Miradas 53

Quincuagésimo tercer día de confinamiento. Vamos quitando hojas al calendario con la certeza de que se aproxima la hora de volver a una relativa normalidad en nuestras vidas. Podremos salir de casa sin demasiadas restricciones, algunos tendremos que regresar a nuestros puestos de trabajo y habituarnos a la rutina una vez superada la obligación del teletrabajo, podremos recibir a familiares y amigos en el domicilio e incluso tomarnos ese prometido café dos meses aplazado. Supongo que todos tenemos una lista de los seres queridos a los que atenderemos con prioridad. El reencuentro será emocionante y nos ayudará a valorar más las pequeñas cosas de cada día. Esas que hacen más bella nuestra existencia y en las que apenas reparamos cuando todo nos va bien.

En estas semanas no tuve ocasión de probar el teletrabajo, pero muchos de mis compañeros sí. También mi mujer ha mantenido el contacto con sus alumnos a través de Internet. Y si el método no mejora, declaro desde ahora mismo que le cedo muy gustosamente el “chollo” de trabajar desde casa a quien lo quiera. Si todo se mantiene así, yo preferiré siempre cumplir con mi profesión ejerciendo desde las instalaciones de la empresa.

Todo trabajador tiene derecho a un horario prefijado y, en consecuencia, a unas horas de “desconexión” total de sus obligaciones laborales.
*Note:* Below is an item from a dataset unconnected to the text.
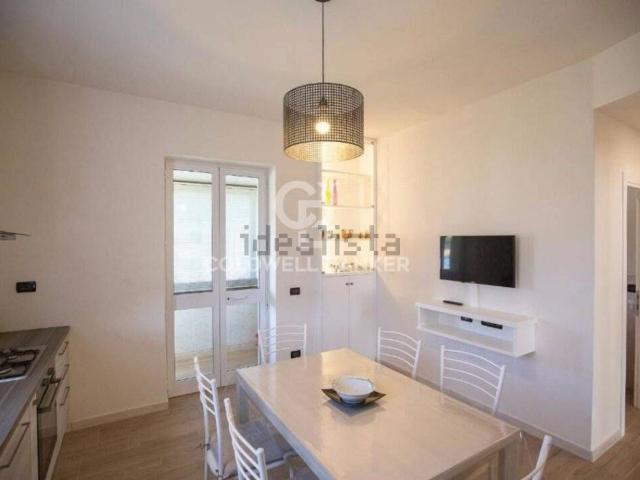 Appartamento in vendita di 71 m² in Via Bruno Buozzi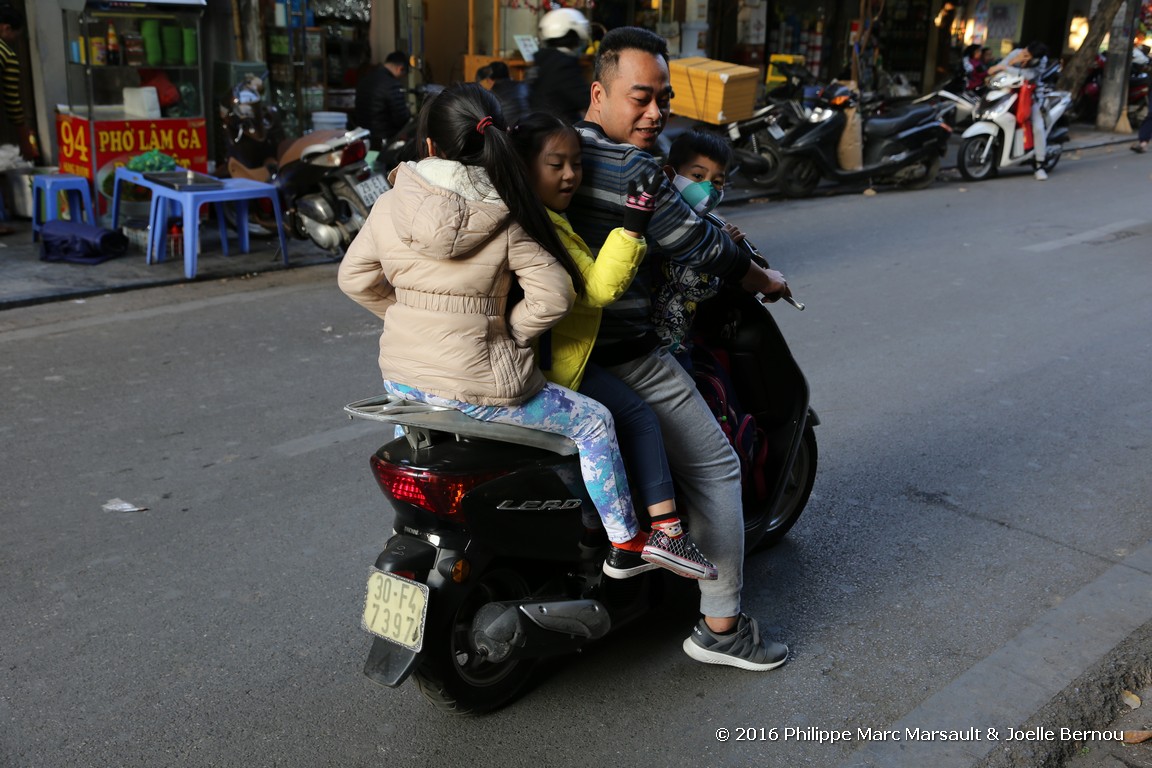 /ecran/Vietnam_2016_2506.jpg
Salvo que se tengan responsabilidades ejecutivas, eso se cumple con la presencia física en el lugar de trabajo. Pero no ocurre así con el teletrabajo. En este invento diabólico el profesional está todo el día pendiente de las novedades. El fatídico Whatsapp recibe mensajes a cualquier hora del día o de la noche, convoca a reuniones urgentes a horas intempestivas y dinamita una prometedora cena familiar en un santiamén. Además, cualquier clase, cualquier reunión, cualquier cosa, se ralentiza hasta la desesperación. Y nadie computa como horas extra todas las que se dedican a preparar los materiales nuevos, a grabar sus contenidos e intentar subirlos a la red, lo que, dada la saturación actual, a veces se convierte en un suplicio. Por no hablar de los problemas de vista que se están detectando por una exposición demasiado prolongada a la luz de las pantallas de los ordenadores.
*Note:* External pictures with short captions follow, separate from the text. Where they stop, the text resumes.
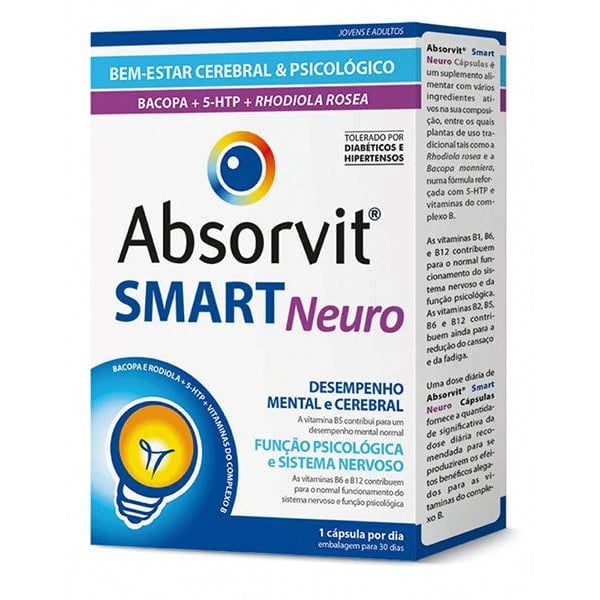 absorvit-smart-neuro-30-capsulas-ECP53.webp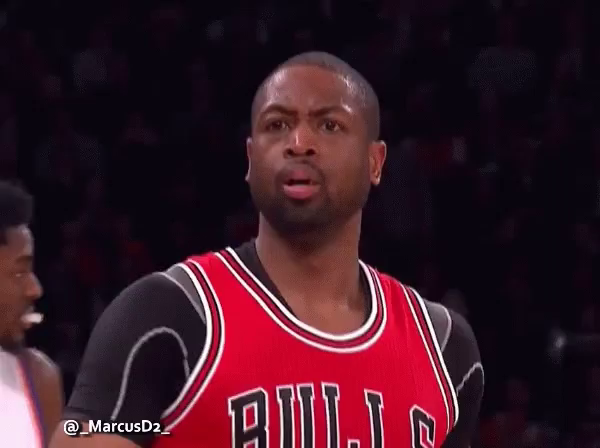 âdwyane wade shockâçå¾çæç´¢ç»æ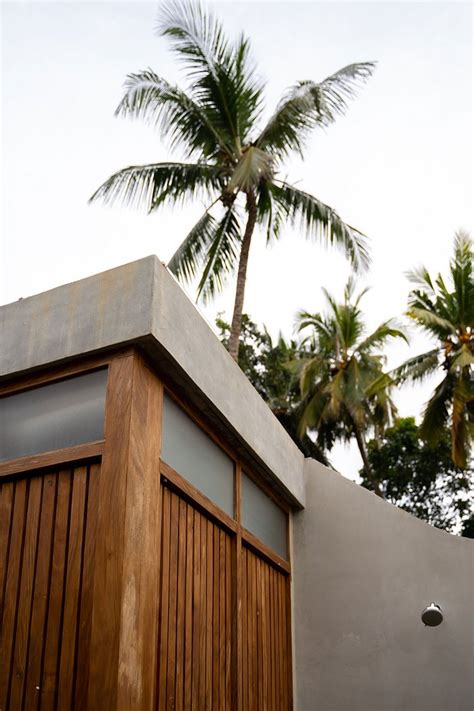 THE SPICE TRAIL, AHANGAMA - Inn Reviews, Photos, Rate Comparison ...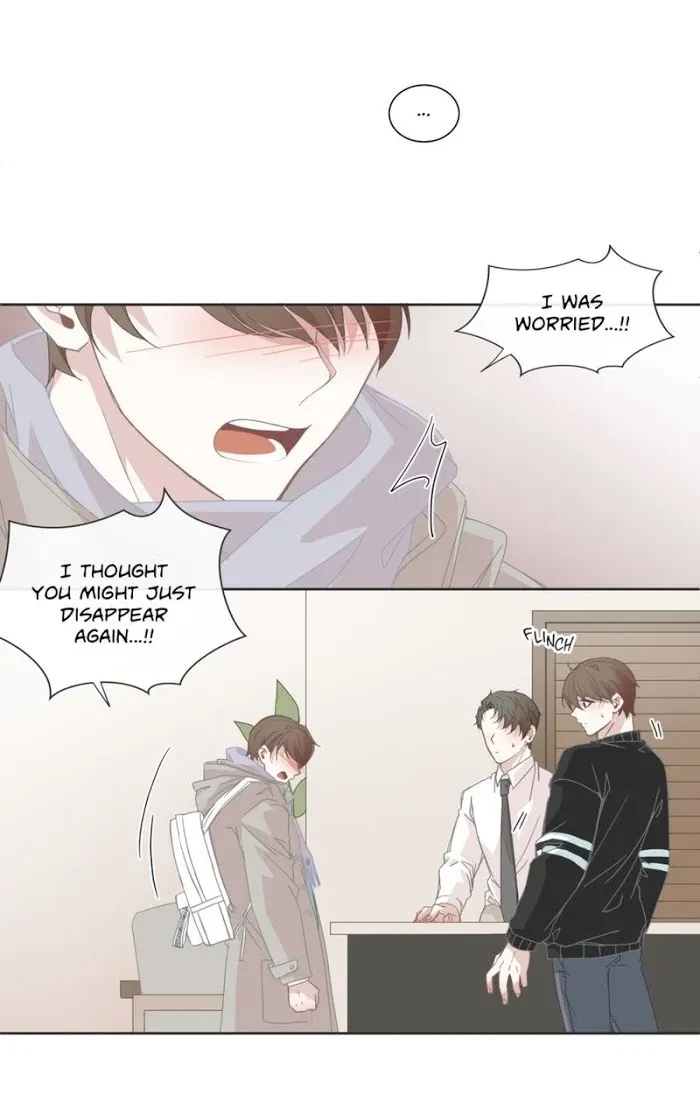 Chapter 25, page 14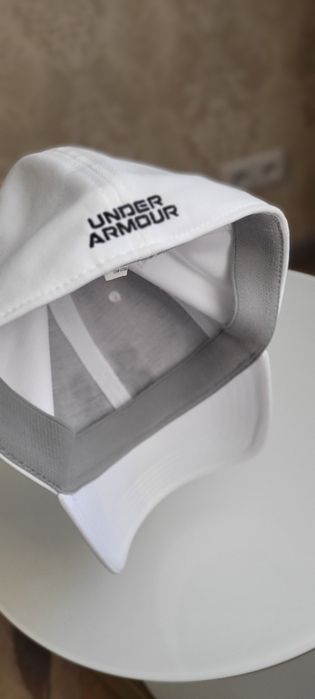 Кепка Under Armour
No dudo de que para muchas personas el teletrabajo es una opción deseable. Pero a mí me parece una estafa presentada en papel de seda e ideada por mentes sádicas que equiparo a los irresponsables empeñados en investigar fórmulas para alargarnos la vida hasta los doscientos años. ¿Habrá mayor ensañamiento que pretender que dediquemos ciento ochenta años a cotizar a la Seguridad Social cuando ahora cuarenta nos parecen una tortura?

El aislamiento es inhumano. Estamos hechos para la relación, para la cercanía. Añoramos incluso la presencia de los compañeros con los que no nos llevamos demasiado bien. Cuando todos nos volvamos a encontrar preveo sonrisas y apretones de manos impensables hasta entonces. Tengo la certeza de que incluso los enemigos harán una tregua para celebrar que la vida sigue y que estamos aquí para gozarla. Proclamo que el teletrabajo se vaya al hoyo. Yo preferiré siempre ver el rostro de los hermanos cara a cara y no a través de una fría pantalla. ¿Y ustedes?